Top of Material supplied
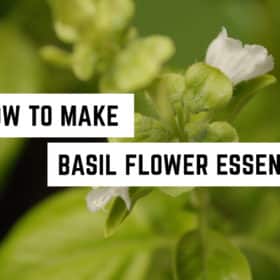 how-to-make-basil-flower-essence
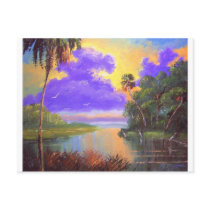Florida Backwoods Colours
Bottom of Material supplied
Top of Material supplied
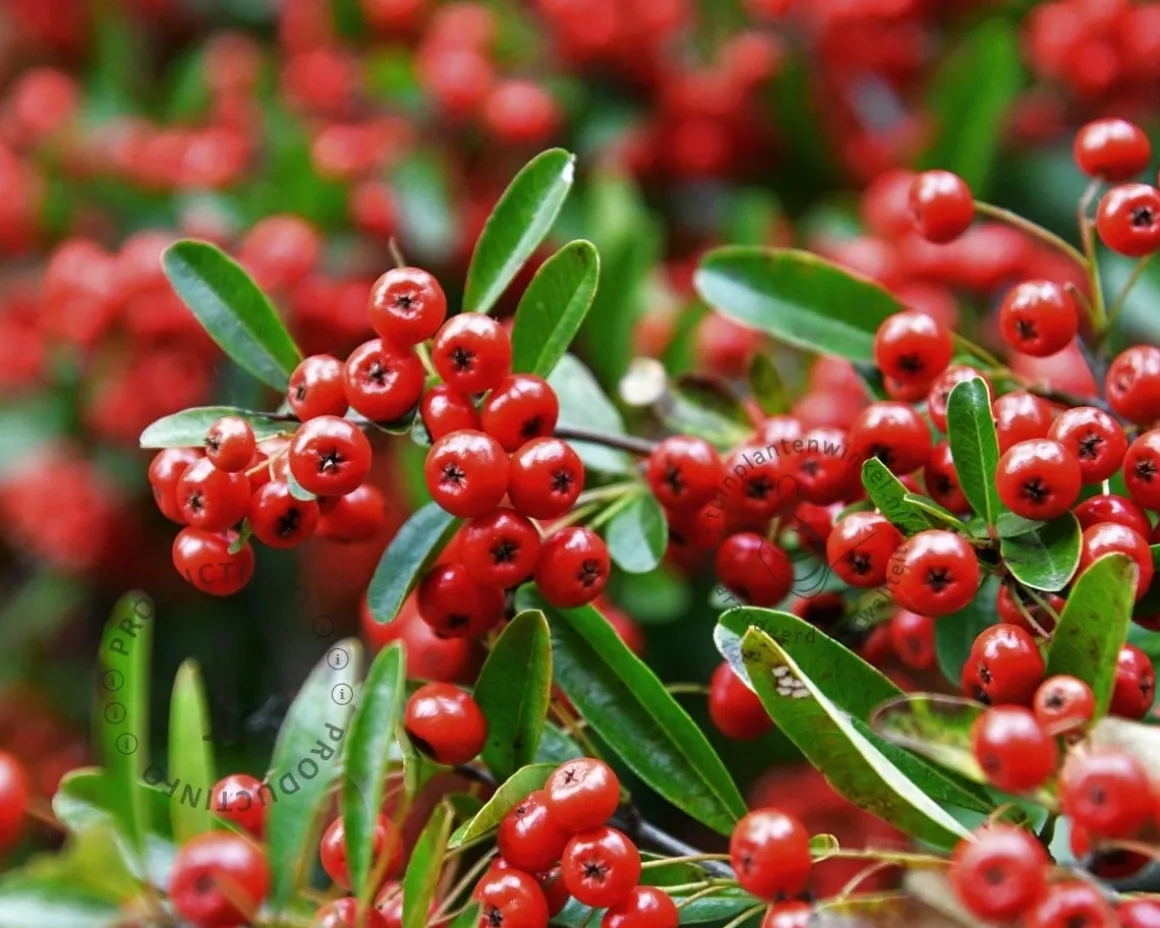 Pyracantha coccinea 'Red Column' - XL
Bottom of Material supplied
Top of Material supplied
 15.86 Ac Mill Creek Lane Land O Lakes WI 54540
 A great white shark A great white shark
Bottom of Material supplied
**Task statement**
All that belongs in your answer is the stretch of entries above from the line with "15.86 Ac Mill" through the line with "A great white shark A great white shark", printed exactly.

**Answer section**
 15.86 Ac Mill Creek Lane Land O Lakes WI 54540
 A great white shark A great white shark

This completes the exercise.